(Short descriptive text snippets)
========================================================================

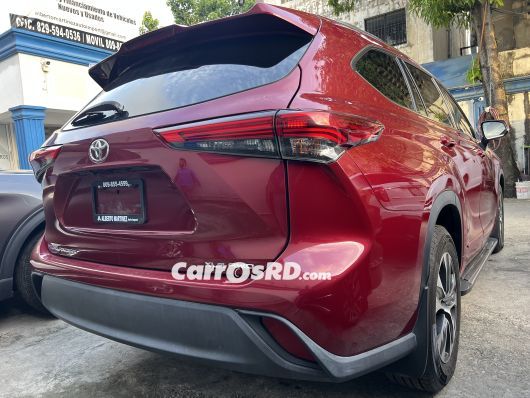 Toyota Highlander Jeepeta en venta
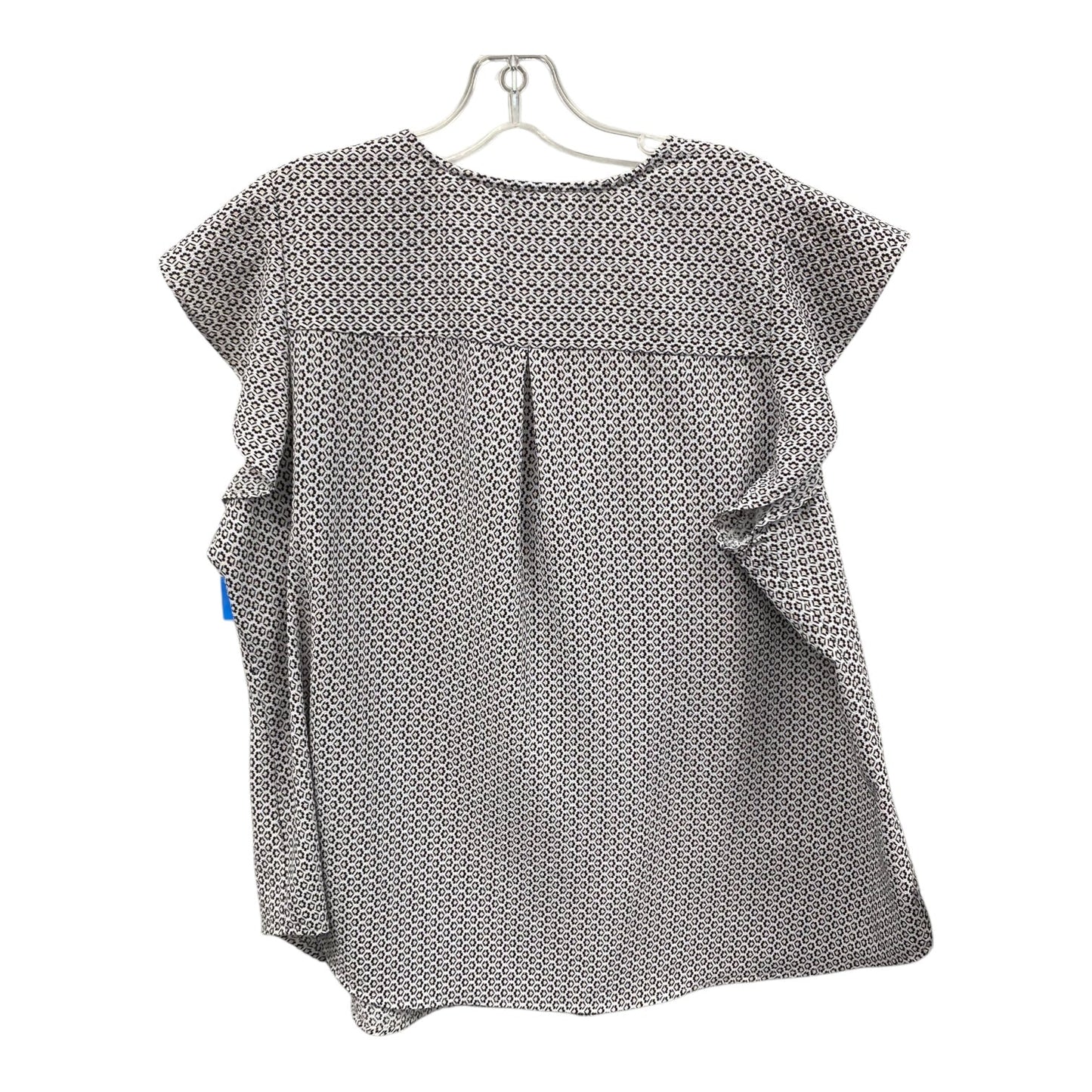 Top Ss By Adrianna Papell In Black & White, Size:1X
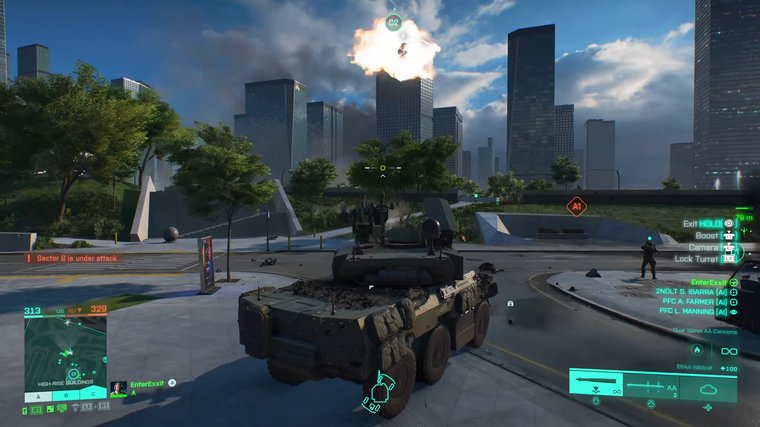 Battlefield 2042 - Best Large-Scale Warfare FPS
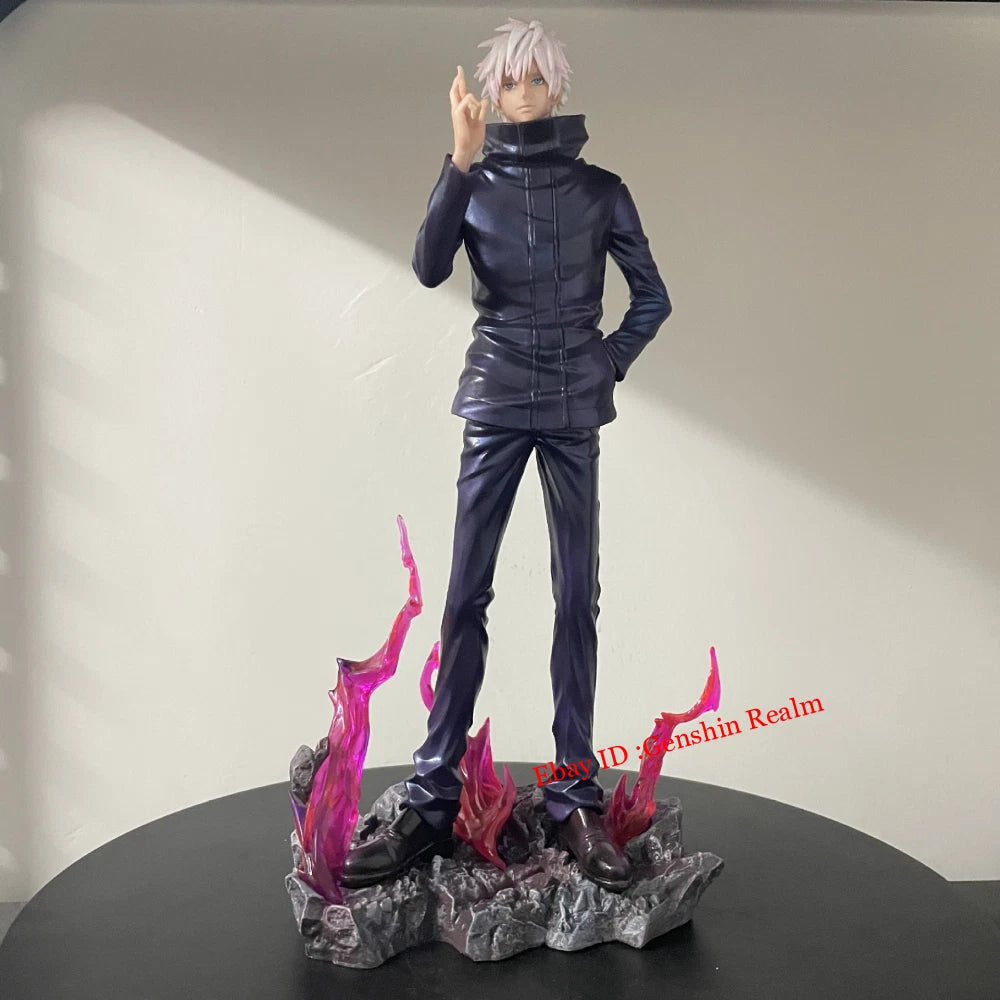 Anime Jujutsu Kaisen Satoru Gojo 1/6 Pvc Figure Model Collection Decor Gift 07FC0E-D4 - KOEEK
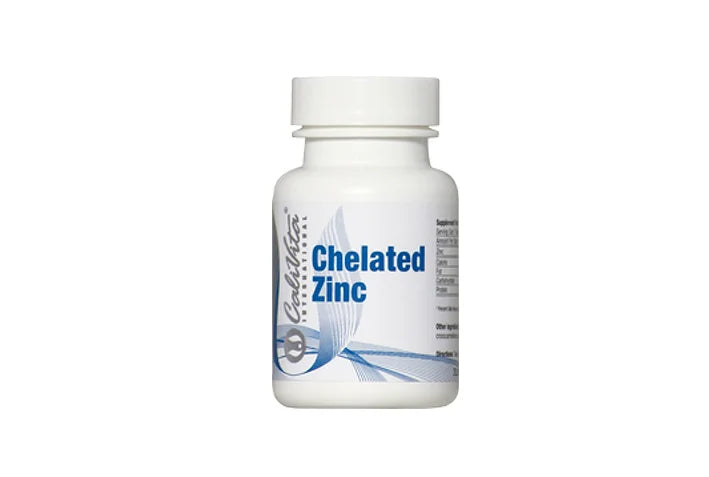 CALIVITA CHELATED ZINC tbl. x 100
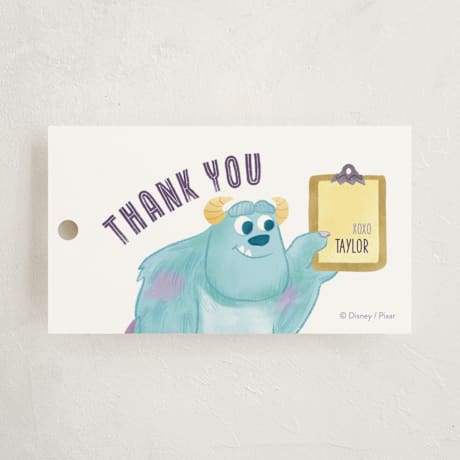 Children's Birthday Party Favor Tags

========================================================================

• Assigned task
Output only the lines running from the one containing "Anime Jujutsu Kaisen" to the end of the records, inclusive and exact; skip the pictures.

• Response area
 Anime Jujutsu Kaisen Satoru Gojo 1/6 Pvc Figure Model Collection Decor Gift 07FC0E-D4 - KOEEK
 CALIVITA CHELATED ZINC tbl. x 100
 Children's Birthday Party Favor Tags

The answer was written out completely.